TRY IT: The listing that follows must be retyped exactly, without its pictures.

GIVEN DATA:
▼
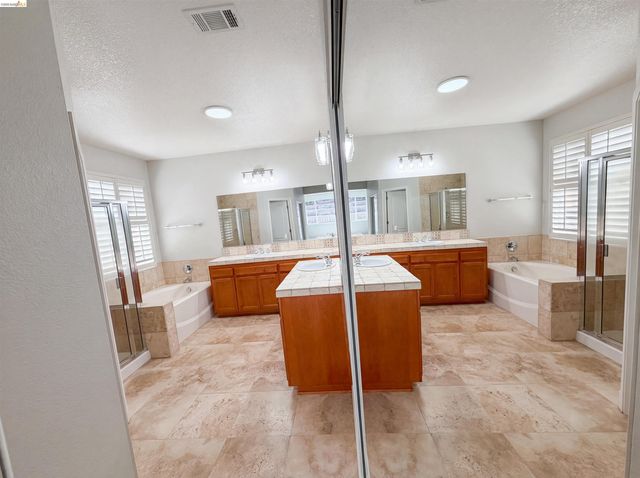 1257 Brooktrail Dr, Pittsburg, CA 94565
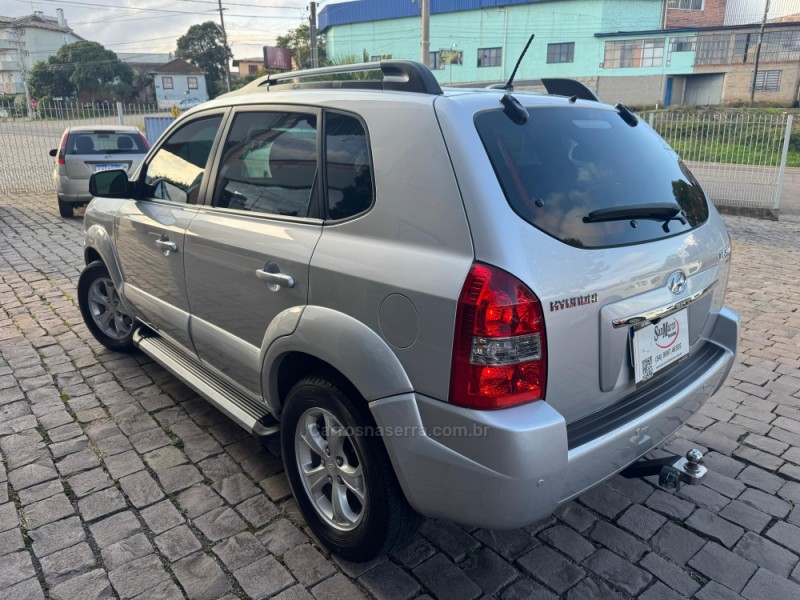 TUCSON 2.0 MPFI GLS BASE 16V 143CV 2WD FLEX 4P AUTOMÁTICO - 2015 - SãO MARCOS
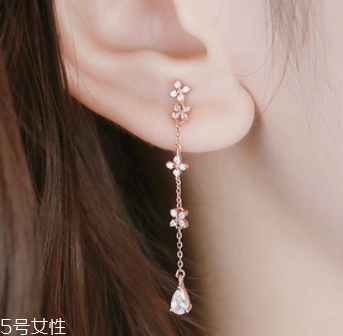 2018情人節(jié)戴什么東西好看？用精巧飾品讓他向你靠近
▲
WRITTEN ANSWER:
 1257 Brooktrail Dr, Pittsburg, CA 94565
 TUCSON 2.0 MPFI GLS BASE 16V 143CV 2WD FLEX 4P AUTOMÁTICO - 2015 - SãO MARCOS
 2018情人節(jié)戴什么東西好看？用精巧飾品讓他向你靠近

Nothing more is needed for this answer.